IN THE COURT OF APPEAL OF THE STATE OF CALIFORNIA
FIRST APPELLATE DISTRICT
DIVISION FIVE
THE PEOPLE,
Plaintiff and Respondent,
A159927
v.
DALE JOSEPH EVERET (Solano County
COLEY, Super. Ct. No. VCR208165)
Defendant and Appellant.
Appellant Dale Joseph Everet Coley was convicted of
second degree murder and attempted murder without
premeditation based on his actions as the driver in a drive-by
shooting. (Pen. Code, § 187, 664/187.)1 The jury also found that
he committed the crimes for the benefit of a criminal street gang
and was a principal in a gang-related crime where a principal
personally and intentionally discharged a firearm causing great
bodily injury or death. (§§ 186.22, subd. (b)(1); 12022.53, subds.
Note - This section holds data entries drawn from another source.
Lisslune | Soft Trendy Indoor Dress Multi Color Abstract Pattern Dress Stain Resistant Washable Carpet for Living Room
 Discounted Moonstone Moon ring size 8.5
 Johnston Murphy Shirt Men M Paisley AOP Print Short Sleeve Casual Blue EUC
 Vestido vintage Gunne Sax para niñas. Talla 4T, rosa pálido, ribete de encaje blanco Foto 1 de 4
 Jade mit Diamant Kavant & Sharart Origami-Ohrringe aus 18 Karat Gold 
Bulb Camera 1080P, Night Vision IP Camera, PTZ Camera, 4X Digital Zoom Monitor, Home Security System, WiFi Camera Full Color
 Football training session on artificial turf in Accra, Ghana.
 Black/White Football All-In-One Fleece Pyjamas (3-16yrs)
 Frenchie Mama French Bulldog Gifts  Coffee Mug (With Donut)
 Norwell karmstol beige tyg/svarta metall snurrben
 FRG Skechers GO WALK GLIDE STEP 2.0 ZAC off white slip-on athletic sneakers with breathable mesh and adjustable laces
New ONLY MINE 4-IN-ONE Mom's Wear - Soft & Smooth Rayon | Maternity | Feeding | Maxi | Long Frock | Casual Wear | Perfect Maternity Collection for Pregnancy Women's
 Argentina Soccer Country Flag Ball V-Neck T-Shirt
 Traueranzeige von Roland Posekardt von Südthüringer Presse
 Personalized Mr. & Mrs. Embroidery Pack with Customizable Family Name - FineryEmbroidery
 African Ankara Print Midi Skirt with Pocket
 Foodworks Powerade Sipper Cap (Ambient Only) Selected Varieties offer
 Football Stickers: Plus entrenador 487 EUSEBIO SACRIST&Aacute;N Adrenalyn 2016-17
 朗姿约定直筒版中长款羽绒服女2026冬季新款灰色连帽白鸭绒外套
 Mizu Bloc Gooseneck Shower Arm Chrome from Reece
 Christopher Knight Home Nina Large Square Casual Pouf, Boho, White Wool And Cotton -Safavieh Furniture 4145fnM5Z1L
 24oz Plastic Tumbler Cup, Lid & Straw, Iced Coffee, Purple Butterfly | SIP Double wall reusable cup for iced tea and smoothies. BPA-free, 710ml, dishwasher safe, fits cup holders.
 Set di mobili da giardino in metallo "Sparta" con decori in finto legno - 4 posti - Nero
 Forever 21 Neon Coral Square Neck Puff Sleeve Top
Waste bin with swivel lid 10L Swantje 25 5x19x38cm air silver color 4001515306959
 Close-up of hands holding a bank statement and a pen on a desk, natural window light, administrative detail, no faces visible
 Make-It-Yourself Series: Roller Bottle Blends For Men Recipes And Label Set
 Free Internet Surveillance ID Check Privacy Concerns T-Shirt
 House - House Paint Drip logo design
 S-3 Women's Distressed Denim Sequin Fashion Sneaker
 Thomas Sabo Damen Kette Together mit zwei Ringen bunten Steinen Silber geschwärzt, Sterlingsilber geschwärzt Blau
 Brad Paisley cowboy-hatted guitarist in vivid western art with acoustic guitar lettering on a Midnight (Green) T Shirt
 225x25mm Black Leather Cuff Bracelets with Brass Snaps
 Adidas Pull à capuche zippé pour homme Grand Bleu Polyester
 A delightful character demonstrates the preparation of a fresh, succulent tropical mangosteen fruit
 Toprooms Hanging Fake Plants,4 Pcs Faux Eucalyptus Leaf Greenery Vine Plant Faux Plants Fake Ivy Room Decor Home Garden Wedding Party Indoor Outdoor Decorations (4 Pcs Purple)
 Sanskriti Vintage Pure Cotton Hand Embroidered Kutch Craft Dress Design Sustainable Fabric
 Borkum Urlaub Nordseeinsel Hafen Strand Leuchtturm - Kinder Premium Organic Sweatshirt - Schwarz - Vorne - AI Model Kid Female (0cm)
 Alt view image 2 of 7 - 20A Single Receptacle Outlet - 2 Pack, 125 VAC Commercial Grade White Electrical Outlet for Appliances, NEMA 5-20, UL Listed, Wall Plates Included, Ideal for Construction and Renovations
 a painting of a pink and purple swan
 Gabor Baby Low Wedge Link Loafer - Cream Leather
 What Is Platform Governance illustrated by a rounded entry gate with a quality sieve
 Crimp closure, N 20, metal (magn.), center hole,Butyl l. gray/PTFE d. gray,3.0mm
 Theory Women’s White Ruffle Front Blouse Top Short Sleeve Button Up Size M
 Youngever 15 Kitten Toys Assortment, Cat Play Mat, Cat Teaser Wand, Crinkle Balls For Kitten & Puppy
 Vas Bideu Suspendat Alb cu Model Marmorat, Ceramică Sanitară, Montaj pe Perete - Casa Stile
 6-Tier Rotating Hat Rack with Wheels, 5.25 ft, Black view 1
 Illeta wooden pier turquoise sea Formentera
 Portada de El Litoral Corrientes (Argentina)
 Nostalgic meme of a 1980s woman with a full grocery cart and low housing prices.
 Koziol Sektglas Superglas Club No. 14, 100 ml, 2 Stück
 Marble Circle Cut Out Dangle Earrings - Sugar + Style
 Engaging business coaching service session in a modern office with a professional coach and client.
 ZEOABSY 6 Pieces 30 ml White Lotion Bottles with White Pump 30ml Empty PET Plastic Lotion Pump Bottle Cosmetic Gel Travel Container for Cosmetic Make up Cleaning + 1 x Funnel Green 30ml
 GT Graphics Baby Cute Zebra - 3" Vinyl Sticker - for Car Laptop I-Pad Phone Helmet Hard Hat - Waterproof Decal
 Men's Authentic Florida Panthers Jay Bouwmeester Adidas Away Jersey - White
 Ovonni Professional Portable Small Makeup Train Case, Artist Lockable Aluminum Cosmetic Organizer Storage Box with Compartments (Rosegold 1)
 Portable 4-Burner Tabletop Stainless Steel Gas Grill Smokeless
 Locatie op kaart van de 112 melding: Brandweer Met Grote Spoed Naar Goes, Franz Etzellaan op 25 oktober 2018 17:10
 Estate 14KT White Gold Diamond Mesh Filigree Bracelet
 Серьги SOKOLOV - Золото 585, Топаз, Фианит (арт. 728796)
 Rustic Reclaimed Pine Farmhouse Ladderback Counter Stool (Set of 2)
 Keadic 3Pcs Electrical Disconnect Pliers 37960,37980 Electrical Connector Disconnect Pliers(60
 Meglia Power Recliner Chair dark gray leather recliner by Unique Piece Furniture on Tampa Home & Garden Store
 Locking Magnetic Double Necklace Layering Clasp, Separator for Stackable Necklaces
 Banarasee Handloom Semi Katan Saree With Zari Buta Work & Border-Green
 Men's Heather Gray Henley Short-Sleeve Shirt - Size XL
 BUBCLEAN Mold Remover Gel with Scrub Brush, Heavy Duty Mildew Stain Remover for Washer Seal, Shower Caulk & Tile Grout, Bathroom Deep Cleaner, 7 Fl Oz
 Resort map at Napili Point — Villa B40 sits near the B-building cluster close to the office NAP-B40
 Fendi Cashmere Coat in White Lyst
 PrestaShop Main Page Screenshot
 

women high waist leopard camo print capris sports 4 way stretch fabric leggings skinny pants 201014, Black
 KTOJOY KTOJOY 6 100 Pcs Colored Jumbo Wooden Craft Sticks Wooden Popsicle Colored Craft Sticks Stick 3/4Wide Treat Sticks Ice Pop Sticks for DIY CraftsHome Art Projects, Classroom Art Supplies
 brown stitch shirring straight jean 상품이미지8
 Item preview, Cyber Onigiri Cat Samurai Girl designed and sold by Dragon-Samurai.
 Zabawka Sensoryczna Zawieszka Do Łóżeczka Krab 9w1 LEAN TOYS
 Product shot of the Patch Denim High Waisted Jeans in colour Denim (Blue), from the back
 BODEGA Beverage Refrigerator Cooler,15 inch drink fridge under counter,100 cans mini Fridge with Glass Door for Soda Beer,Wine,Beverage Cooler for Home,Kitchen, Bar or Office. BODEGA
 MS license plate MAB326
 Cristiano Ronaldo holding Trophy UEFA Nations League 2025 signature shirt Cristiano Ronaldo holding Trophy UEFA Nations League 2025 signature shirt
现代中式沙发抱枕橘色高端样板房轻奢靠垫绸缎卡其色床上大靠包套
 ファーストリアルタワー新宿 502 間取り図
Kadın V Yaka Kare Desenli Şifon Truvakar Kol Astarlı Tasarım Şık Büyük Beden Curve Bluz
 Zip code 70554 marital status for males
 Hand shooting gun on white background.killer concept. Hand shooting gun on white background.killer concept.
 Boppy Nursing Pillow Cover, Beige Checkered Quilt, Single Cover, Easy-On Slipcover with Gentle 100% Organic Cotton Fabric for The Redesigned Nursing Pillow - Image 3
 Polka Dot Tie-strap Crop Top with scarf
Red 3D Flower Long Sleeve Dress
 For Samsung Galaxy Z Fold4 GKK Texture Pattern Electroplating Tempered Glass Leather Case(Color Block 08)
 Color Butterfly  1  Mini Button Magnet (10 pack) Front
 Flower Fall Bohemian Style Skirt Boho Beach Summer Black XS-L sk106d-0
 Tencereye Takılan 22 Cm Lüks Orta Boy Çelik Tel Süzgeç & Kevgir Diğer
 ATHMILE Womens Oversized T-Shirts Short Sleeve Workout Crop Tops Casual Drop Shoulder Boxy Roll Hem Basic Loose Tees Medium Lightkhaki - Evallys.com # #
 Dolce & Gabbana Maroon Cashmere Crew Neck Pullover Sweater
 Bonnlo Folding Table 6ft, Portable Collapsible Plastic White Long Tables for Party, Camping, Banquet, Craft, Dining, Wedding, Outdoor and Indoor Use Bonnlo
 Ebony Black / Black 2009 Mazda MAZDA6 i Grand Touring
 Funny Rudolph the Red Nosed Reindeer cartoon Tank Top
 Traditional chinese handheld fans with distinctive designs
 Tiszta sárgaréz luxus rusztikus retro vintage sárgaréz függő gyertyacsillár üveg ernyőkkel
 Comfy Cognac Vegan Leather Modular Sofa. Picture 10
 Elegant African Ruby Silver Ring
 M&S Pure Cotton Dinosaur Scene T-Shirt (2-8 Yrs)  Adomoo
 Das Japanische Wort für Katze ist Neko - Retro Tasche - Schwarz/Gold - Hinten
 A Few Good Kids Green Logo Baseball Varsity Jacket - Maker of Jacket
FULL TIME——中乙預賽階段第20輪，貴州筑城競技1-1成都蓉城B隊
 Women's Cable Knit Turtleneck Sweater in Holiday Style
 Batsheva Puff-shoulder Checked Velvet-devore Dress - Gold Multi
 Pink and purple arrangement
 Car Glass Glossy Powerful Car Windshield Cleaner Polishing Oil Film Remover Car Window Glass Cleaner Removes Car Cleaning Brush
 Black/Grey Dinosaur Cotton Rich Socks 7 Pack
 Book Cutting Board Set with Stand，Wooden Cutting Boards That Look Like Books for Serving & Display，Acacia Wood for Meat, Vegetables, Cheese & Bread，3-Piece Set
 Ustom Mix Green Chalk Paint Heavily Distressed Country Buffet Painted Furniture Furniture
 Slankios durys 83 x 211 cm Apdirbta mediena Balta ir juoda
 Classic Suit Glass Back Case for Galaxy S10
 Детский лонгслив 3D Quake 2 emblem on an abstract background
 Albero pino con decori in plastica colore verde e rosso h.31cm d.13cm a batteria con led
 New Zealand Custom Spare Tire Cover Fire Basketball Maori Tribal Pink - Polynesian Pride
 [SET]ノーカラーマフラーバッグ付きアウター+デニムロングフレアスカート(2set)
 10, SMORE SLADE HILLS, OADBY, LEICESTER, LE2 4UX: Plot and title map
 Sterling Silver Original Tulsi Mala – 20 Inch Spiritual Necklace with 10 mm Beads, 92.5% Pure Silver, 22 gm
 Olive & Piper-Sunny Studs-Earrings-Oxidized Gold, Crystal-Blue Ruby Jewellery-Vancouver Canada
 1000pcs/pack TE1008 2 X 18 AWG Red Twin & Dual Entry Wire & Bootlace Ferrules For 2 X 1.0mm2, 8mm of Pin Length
(d), (e)(1).) Several years after his convictions were affirmed on
appeal, he filed a petition for relief under section 1170.95, enacted
Further references are to the Penal Code unless otherwise
1
indicated.
1
as part of Senate Bill 1437, averring that he did not, with intent
to kill, aid, abet or assist the actual killer in the commission of
murder, and that he could not be convicted of murder or
attempted murder under the newly reformed murder statutes
(amended sections 188 or 189). After appointing counsel for
appellant and reviewing briefs submitted by his counsel and the
district attorney, the trial court denied the petition. We affirm.
I. SENATE BILL 1437
Because it is essential to the issues raised in this appeal,
we summarize recent changes to the law of murder and malice
aforethought under Senate Bill 1437.
Malice aforethought is generally an essential element of the
crime of murder. (§ 187.) Malice is express “when there is
manifested a deliberate intention to unlawfully take away the life
of a fellow creature” (§ 188, subd. (a)(1)) and is implied “when no
considerable provocation appears, or when the circumstances
attending the killing show an abandoned and malignant heart.”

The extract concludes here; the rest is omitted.